What you will do: Tally the lines of the entries below that hold the word "Cherokee", and please give only the total.

[The records — start]

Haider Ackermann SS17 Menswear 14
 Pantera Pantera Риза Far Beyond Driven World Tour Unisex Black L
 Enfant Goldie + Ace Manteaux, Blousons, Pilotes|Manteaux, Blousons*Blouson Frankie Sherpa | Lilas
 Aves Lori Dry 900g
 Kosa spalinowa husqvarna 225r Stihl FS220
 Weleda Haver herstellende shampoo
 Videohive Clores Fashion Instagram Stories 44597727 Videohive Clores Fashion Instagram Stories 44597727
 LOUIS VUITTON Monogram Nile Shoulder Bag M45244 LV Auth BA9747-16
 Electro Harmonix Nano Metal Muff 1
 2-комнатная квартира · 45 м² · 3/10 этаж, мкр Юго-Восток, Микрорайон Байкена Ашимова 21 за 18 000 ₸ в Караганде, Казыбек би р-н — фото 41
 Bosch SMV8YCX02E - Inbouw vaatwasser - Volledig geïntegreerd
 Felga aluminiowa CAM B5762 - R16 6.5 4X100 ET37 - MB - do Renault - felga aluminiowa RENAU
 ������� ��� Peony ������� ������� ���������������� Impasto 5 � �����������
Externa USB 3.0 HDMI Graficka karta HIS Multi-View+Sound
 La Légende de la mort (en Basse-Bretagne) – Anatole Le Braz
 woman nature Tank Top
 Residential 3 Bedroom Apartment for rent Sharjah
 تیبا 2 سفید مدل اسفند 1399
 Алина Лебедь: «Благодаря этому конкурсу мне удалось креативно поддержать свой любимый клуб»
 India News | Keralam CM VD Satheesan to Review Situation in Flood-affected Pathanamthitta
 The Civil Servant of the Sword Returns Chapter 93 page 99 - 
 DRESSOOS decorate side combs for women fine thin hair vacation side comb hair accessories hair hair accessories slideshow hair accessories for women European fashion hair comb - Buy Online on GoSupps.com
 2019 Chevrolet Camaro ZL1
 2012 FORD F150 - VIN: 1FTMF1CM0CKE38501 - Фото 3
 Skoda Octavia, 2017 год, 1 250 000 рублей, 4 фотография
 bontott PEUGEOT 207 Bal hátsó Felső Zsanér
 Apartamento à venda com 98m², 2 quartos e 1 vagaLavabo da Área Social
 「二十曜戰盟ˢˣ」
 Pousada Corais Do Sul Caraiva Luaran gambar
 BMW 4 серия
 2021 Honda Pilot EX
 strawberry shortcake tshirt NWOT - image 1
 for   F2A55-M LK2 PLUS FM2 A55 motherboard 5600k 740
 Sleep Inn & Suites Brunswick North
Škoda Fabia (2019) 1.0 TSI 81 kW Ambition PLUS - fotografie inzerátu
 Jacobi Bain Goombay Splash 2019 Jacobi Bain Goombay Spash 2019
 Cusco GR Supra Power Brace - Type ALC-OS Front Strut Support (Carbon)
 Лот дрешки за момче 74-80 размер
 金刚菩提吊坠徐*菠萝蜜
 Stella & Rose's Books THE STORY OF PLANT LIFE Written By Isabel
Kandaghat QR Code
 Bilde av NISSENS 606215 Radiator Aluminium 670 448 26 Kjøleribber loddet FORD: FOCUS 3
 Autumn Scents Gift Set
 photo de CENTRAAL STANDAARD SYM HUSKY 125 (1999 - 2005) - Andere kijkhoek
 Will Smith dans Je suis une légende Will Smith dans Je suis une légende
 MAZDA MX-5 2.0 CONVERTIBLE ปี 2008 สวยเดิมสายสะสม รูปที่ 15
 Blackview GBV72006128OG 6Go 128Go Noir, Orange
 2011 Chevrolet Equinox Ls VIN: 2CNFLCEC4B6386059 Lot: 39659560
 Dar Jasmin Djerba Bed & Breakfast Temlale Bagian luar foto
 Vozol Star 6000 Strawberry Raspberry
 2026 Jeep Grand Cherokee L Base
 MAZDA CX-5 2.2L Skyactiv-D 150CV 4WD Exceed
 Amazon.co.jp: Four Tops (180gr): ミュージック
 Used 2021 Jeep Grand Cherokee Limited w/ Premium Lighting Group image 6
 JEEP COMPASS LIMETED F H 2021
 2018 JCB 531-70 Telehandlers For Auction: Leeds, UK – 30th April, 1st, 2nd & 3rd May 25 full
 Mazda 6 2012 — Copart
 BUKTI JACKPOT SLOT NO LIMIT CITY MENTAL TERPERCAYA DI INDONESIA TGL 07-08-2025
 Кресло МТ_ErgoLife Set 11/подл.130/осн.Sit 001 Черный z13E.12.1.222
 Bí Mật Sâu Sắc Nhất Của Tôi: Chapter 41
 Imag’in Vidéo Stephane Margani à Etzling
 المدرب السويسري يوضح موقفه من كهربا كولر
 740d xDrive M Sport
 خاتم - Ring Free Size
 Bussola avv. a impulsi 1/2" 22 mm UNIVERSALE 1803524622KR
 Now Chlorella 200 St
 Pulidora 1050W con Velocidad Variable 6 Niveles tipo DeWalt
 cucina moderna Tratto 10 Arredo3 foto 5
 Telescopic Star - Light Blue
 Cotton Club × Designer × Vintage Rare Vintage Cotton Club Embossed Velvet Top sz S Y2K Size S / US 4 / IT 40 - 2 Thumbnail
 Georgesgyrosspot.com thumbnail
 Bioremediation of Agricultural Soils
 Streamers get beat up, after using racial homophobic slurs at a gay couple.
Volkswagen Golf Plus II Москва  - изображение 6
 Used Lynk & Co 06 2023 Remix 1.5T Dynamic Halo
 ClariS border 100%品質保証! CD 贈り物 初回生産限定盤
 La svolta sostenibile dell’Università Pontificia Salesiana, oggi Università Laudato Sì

[The records — finish]

Your solution: 2